RECORD EXCERPTS below:

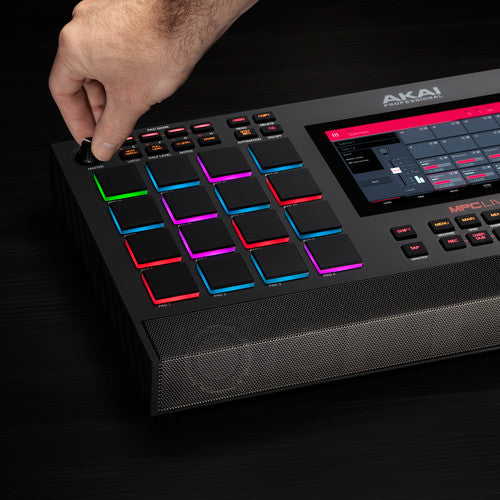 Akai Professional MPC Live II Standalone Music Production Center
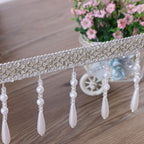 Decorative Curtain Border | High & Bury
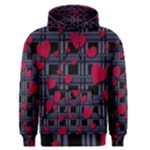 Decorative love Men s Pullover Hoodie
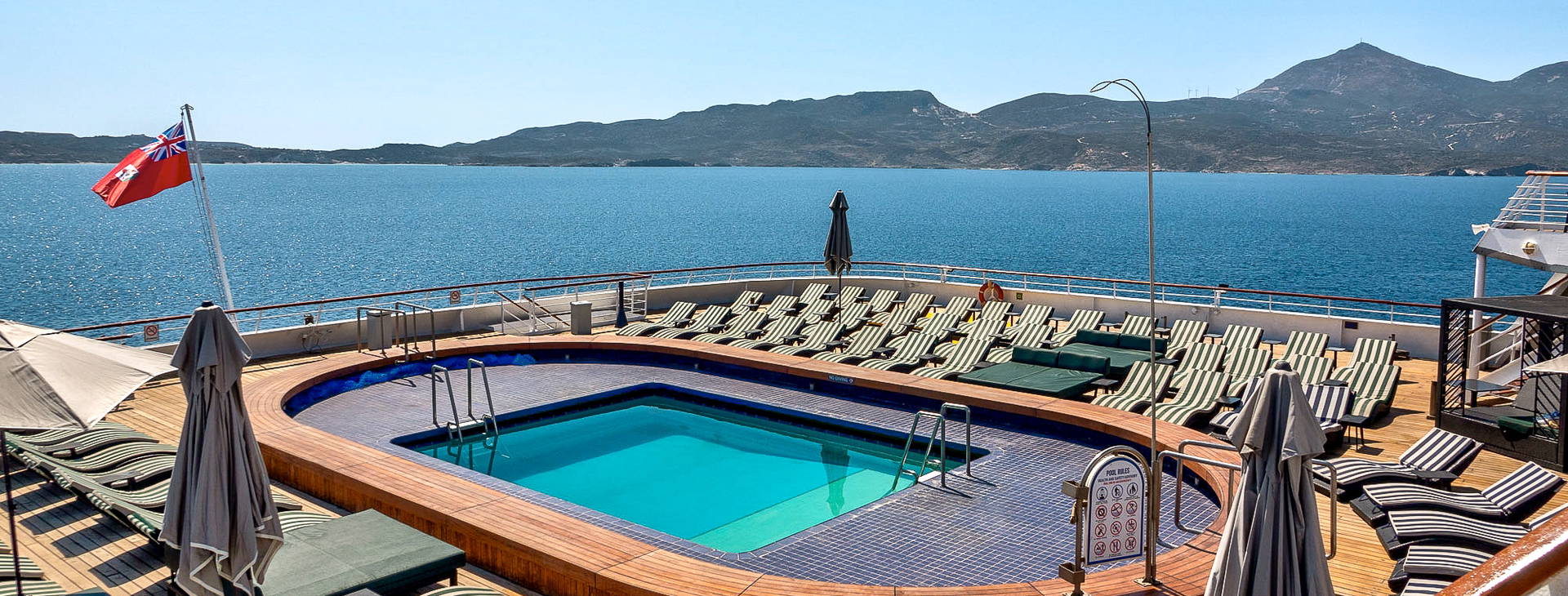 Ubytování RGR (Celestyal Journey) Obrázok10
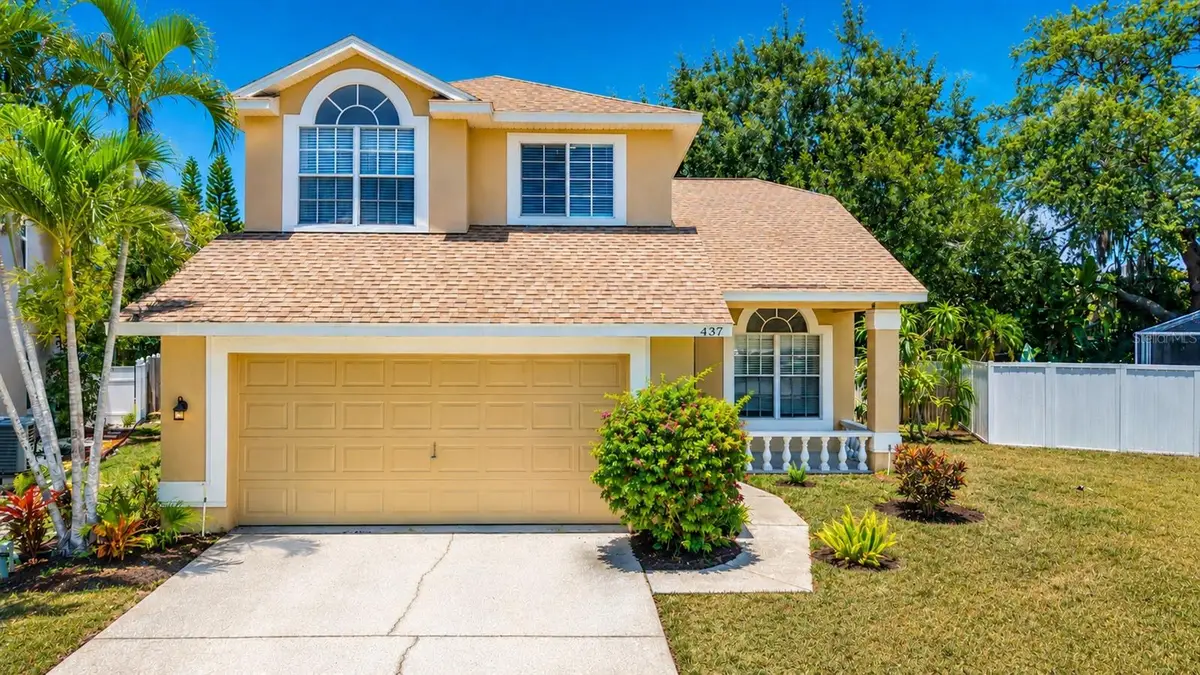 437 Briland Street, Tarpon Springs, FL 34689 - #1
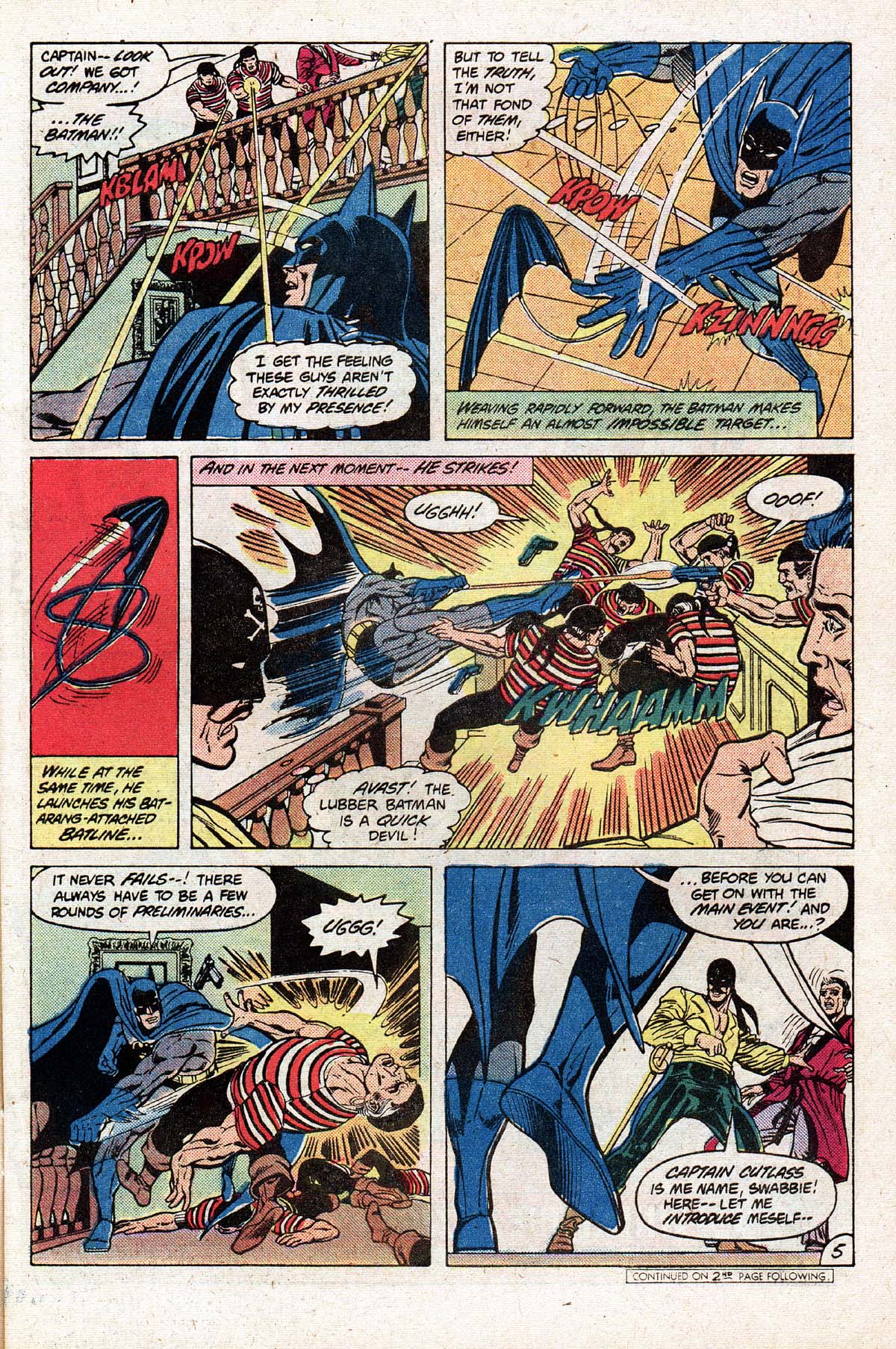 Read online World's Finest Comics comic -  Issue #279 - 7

End of RECORD EXCERPTS.

WHAT IS REQUIRED:
Output all of the entries once more, word for word, with the images removed.

ANSWER TO THIS TASK:
 Akai Professional MPC Live II Standalone Music Production Center
 Decorative Curtain Border | High & Bury
 Decorative love Men s Pullover Hoodie
 Ubytování RGR (Celestyal Journey) Obrázok10
 437 Briland Street, Tarpon Springs, FL 34689 - #1
 Read online World's Finest Comics comic -  Issue #279 - 7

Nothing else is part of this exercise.